* What to do
Reproduce the records below exactly; the images should not appear.

* Data to examine
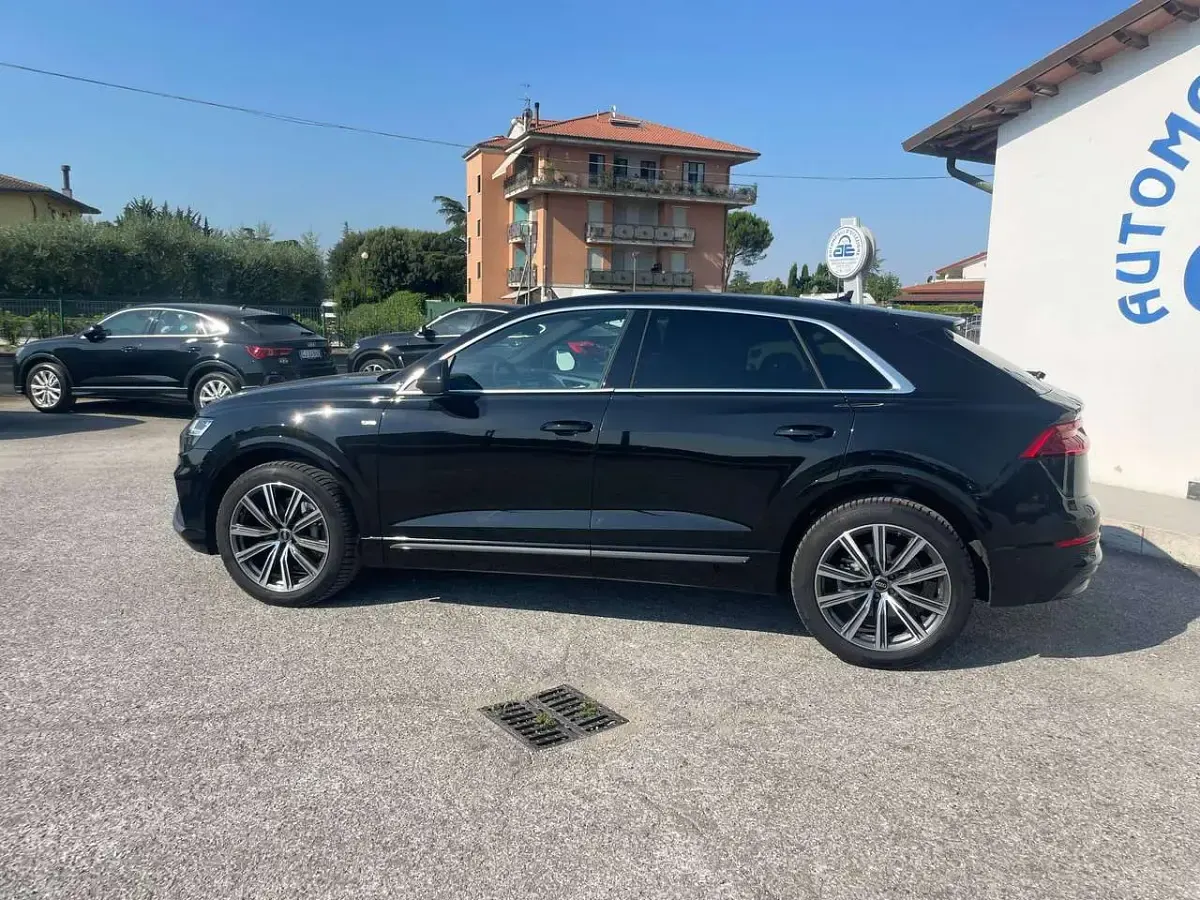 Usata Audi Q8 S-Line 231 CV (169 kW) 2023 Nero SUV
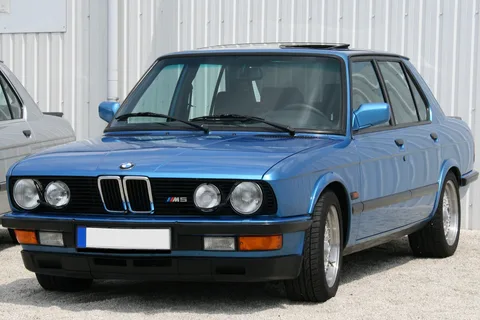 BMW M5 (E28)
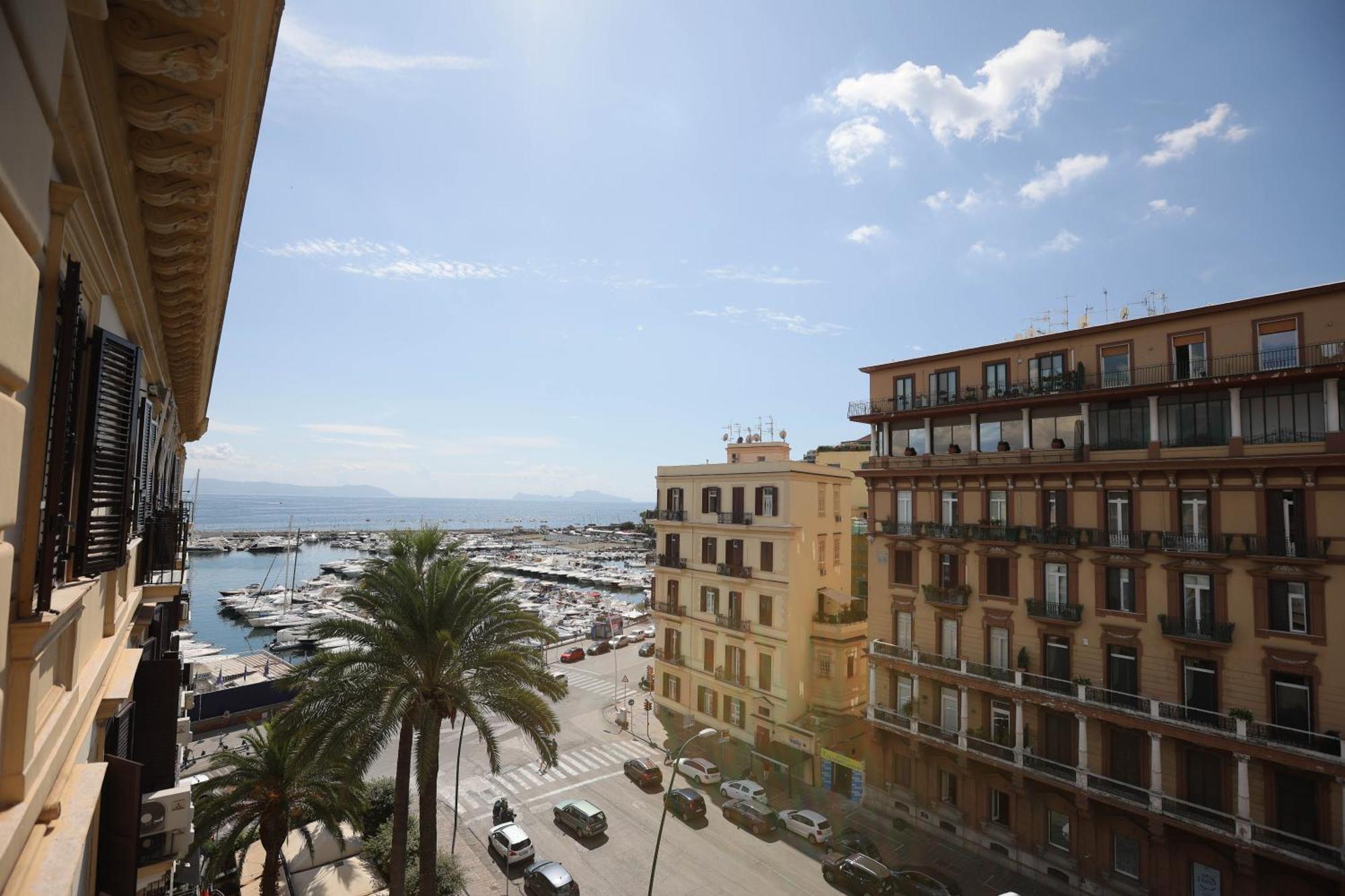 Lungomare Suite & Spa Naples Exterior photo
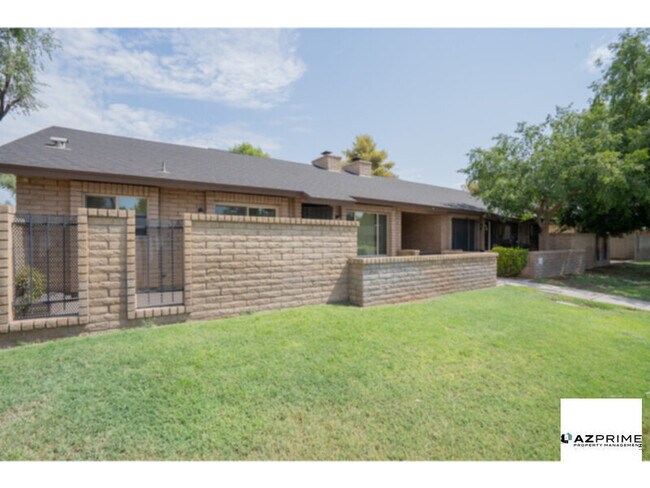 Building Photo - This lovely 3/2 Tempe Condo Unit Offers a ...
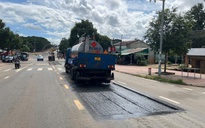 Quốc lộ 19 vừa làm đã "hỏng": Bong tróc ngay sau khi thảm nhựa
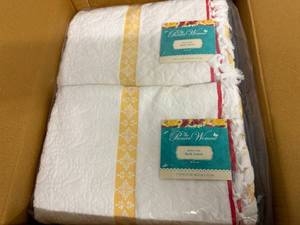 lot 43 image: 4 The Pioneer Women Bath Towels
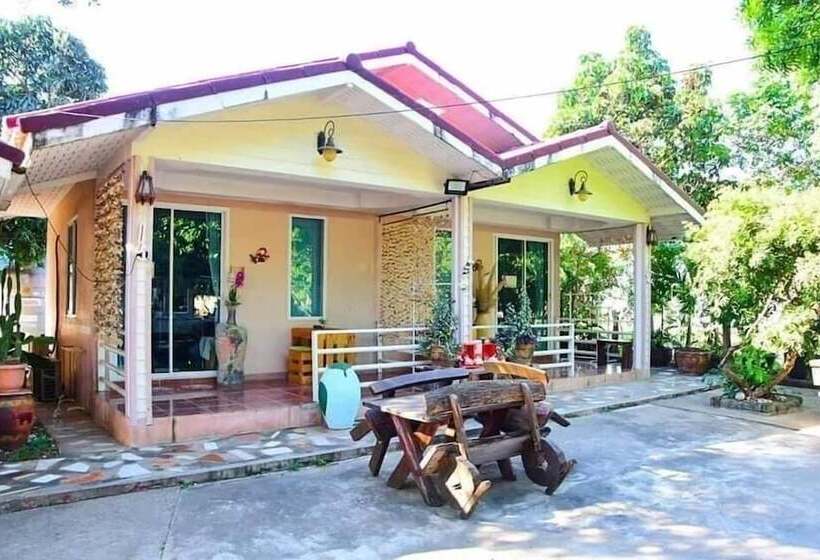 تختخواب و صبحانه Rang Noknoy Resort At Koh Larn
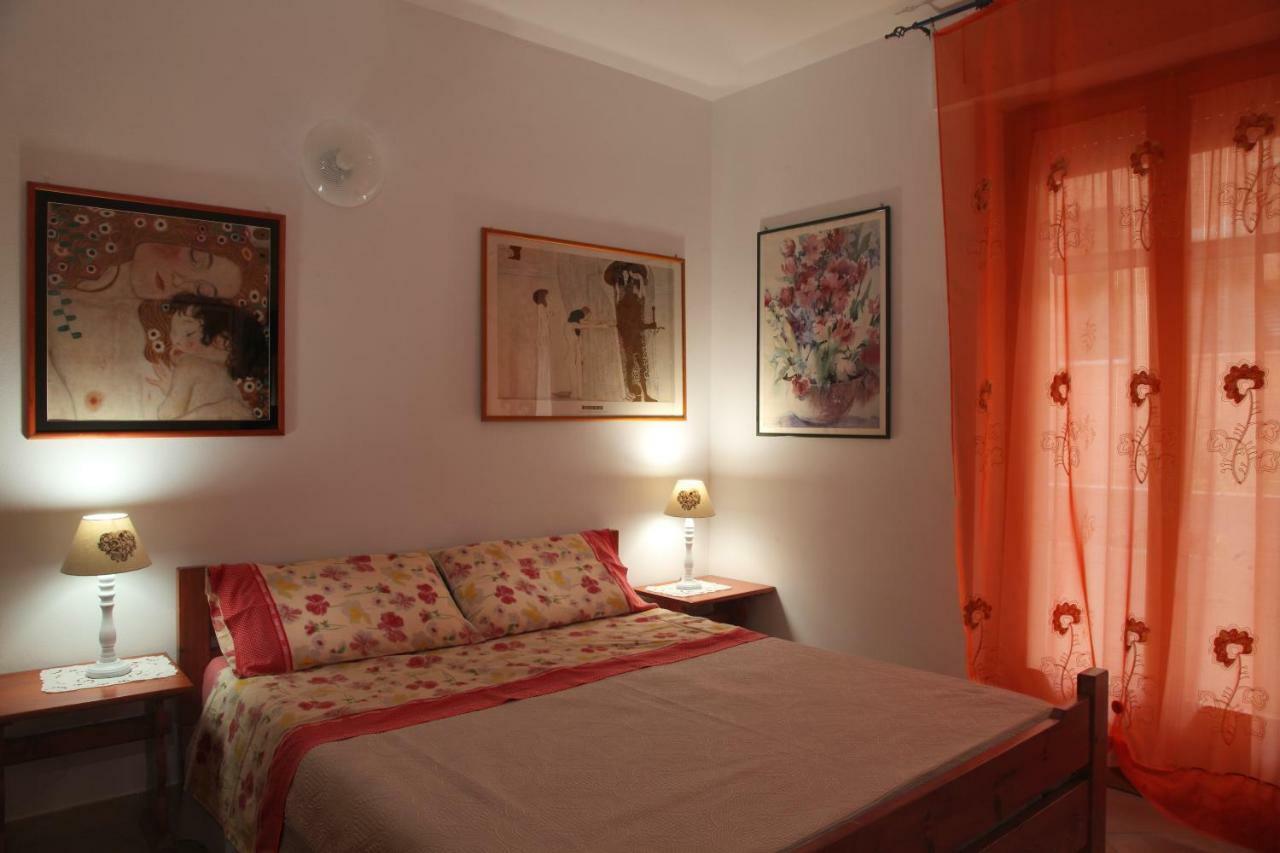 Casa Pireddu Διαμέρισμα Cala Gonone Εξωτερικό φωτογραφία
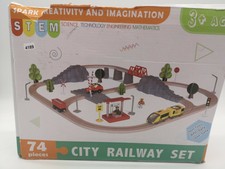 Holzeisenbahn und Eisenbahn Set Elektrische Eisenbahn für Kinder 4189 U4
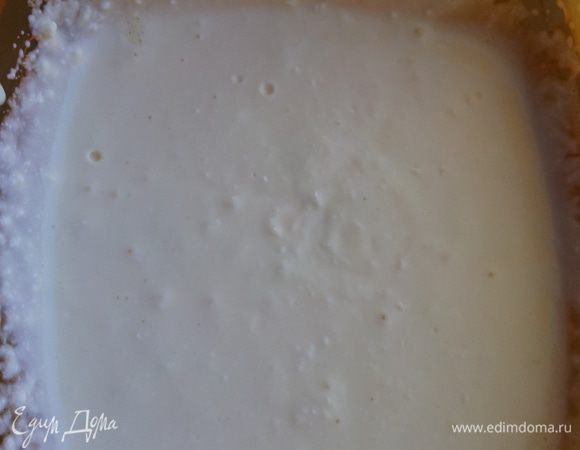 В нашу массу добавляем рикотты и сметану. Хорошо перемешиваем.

* Exercise solution
 Usata Audi Q8 S-Line 231 CV (169 kW) 2023 Nero SUV
 BMW M5 (E28)
 Lungomare Suite & Spa Naples Exterior photo
 Building Photo - This lovely 3/2 Tempe Condo Unit Offers a ...
 Quốc lộ 19 vừa làm đã "hỏng": Bong tróc ngay sau khi thảm nhựa
 lot 43 image: 4 The Pioneer Women Bath Towels
 تختخواب و صبحانه Rang Noknoy Resort At Koh Larn
 Casa Pireddu Διαμέρισμα Cala Gonone Εξωτερικό φωτογραφία
 Holzeisenbahn und Eisenbahn Set Elektrische Eisenbahn für Kinder 4189 U4
 В нашу массу добавляем рикотты и сметану. Хорошо перемешиваем.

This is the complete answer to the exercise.